- _WORK TASK_
Please, in the data that follows, copy exactly the lines from the line with "Comfortable Apartment Near" through the last one, both included. Do not include pictures.

- _RECORDED DATA_
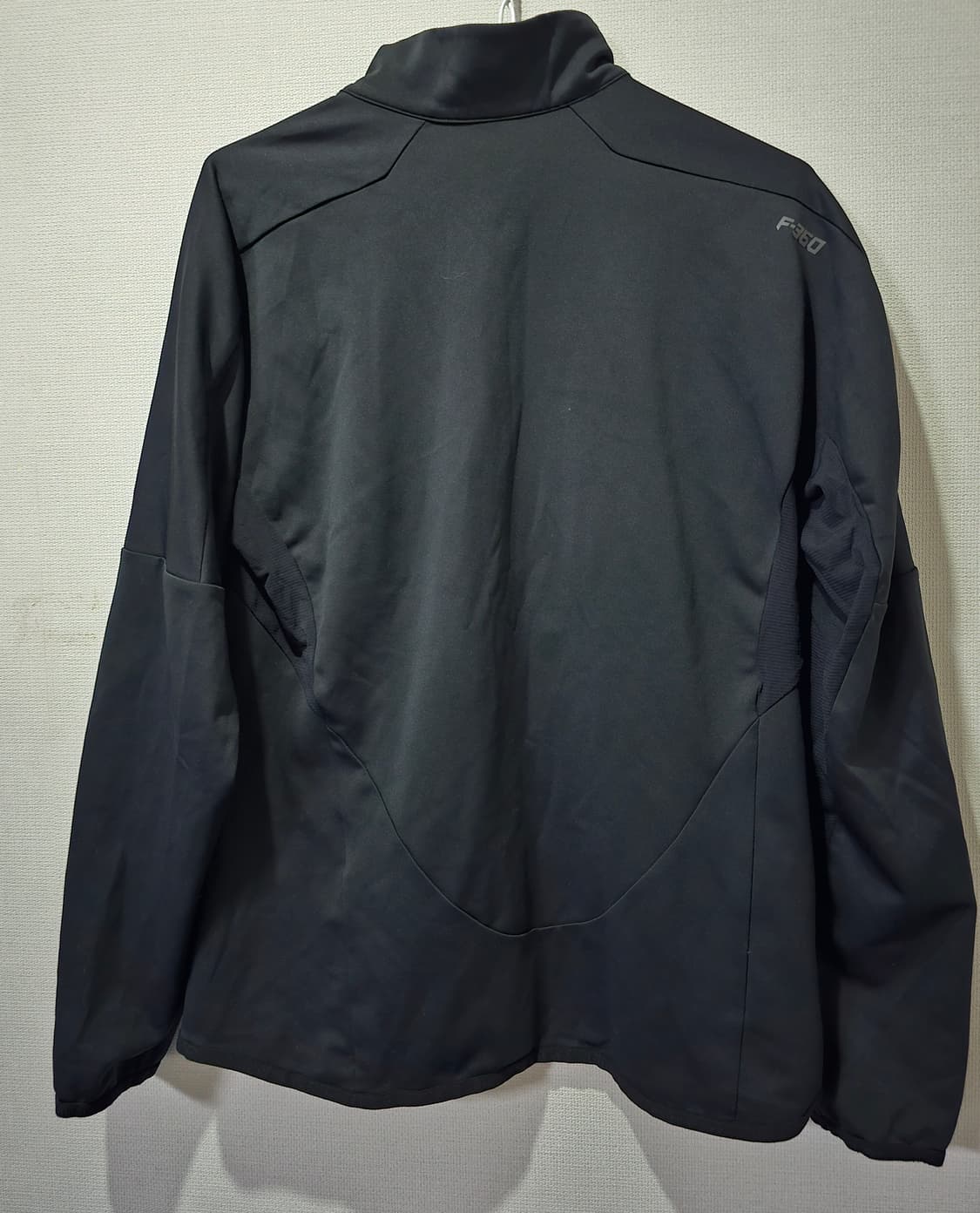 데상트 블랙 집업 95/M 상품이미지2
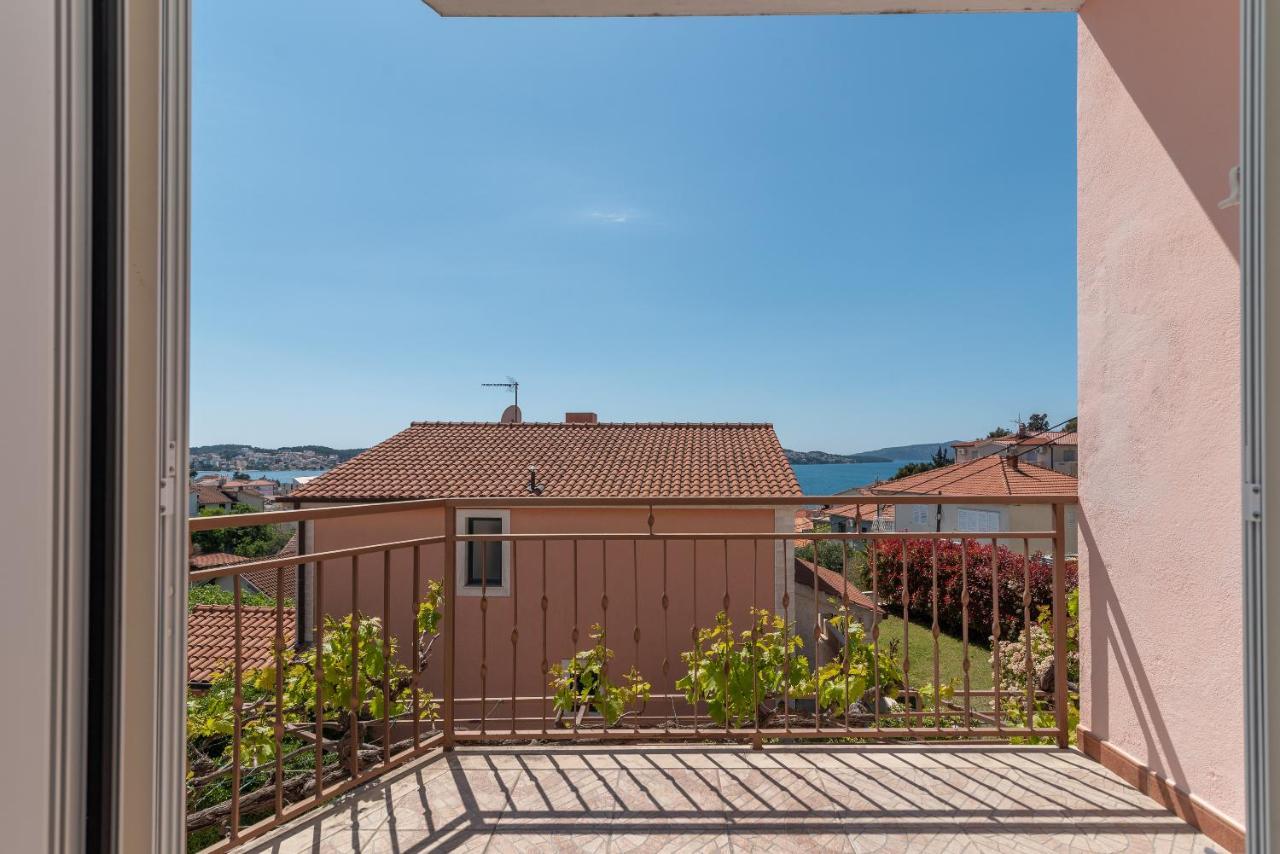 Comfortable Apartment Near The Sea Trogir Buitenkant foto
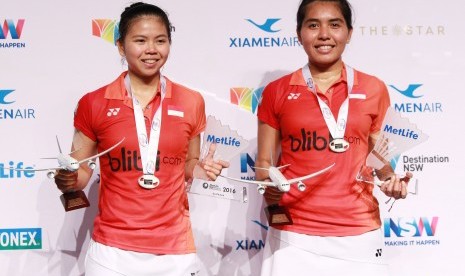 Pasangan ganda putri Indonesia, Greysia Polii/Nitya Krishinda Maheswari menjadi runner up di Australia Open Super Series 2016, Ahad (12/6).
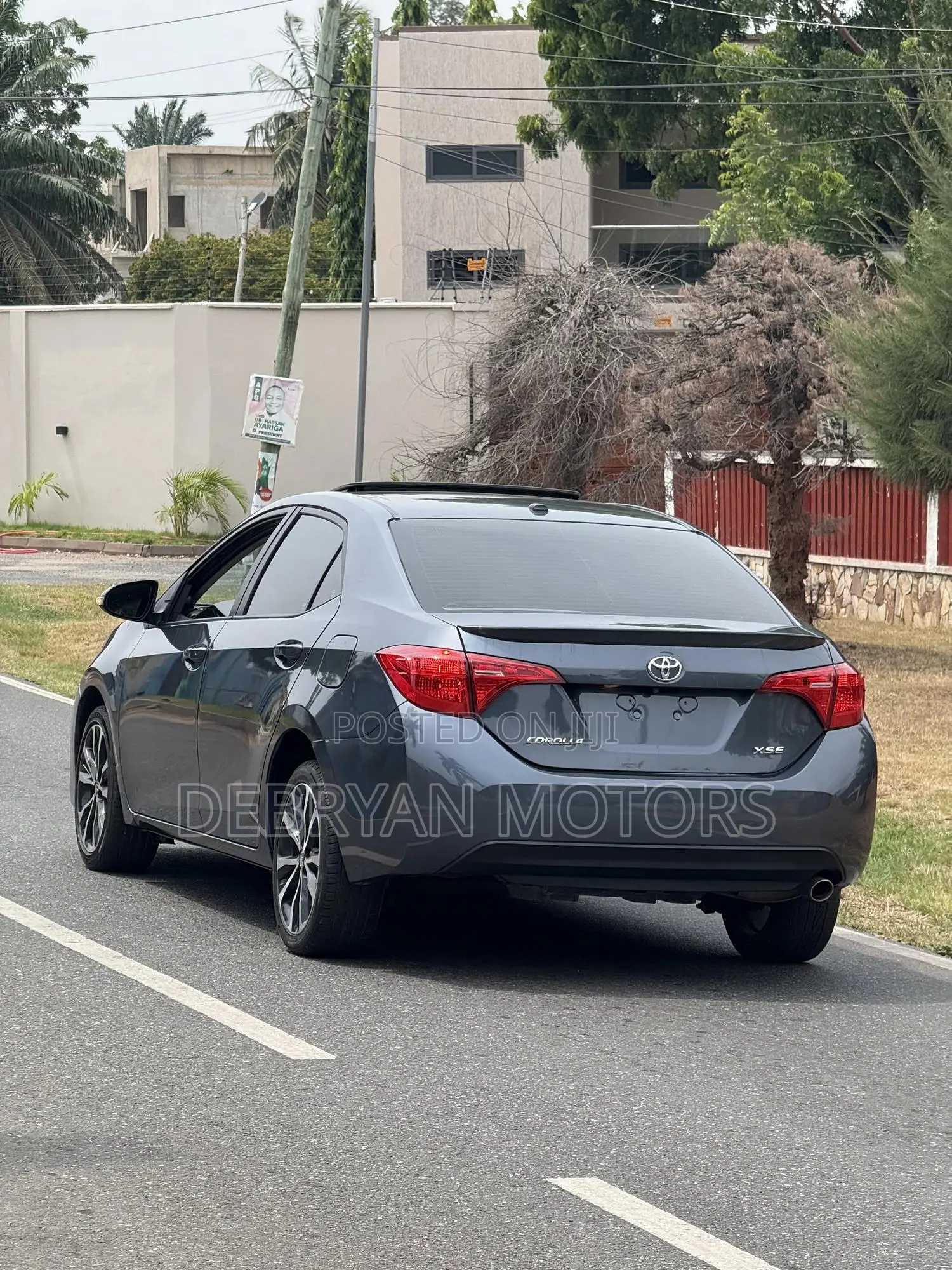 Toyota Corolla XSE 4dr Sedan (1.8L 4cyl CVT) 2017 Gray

- _WRITTEN REPLY_
 Comfortable Apartment Near The Sea Trogir Buitenkant foto
 Pasangan ganda putri Indonesia, Greysia Polii/Nitya Krishinda Maheswari menjadi runner up di Australia Open Super Series 2016, Ahad (12/6).
 Toyota Corolla XSE 4dr Sedan (1.8L 4cyl CVT) 2017 Gray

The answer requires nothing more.